Information supplied
- Opening Delimiter -
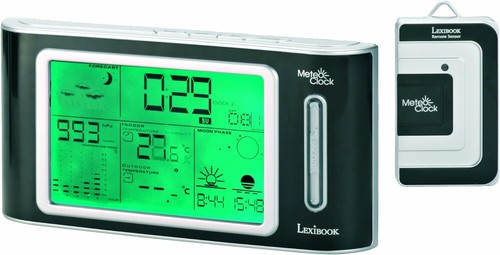 Lexibook wireless digital - wireless,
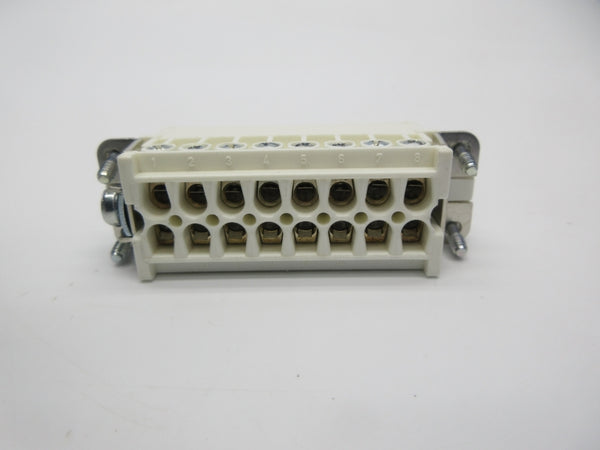 EPIC 10530000 H-A16SS 600V 16A NSNP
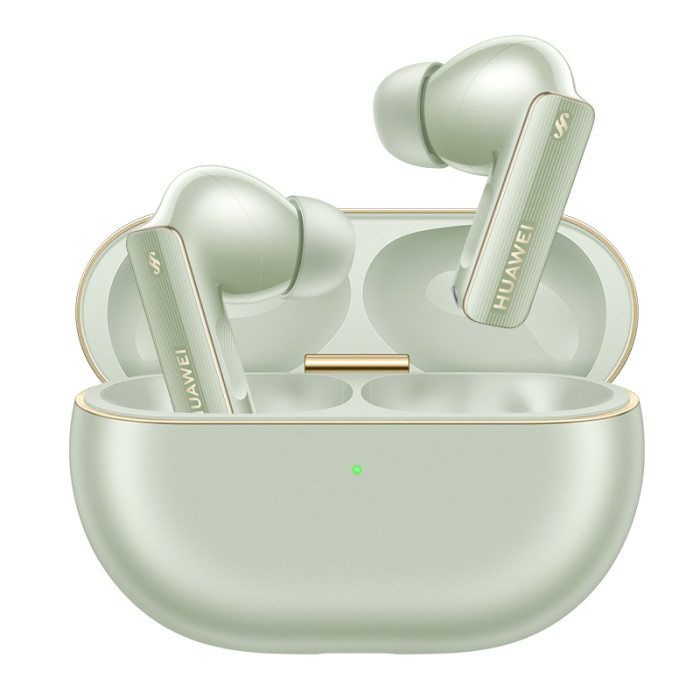 Беспроводные наушники Huawei FreeBuds Pro 4 Зеленый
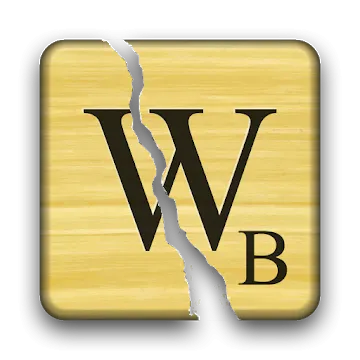Word Breaker Full icon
- Closing Delimiter -
Beginning with the line containing "Беспроводные наушники Huawei" and ending with the last line of the listing above, output those lines exactly as written, without pictures.

Reply
 Беспроводные наушники Huawei FreeBuds Pro 4 Зеленый
Word Breaker Full icon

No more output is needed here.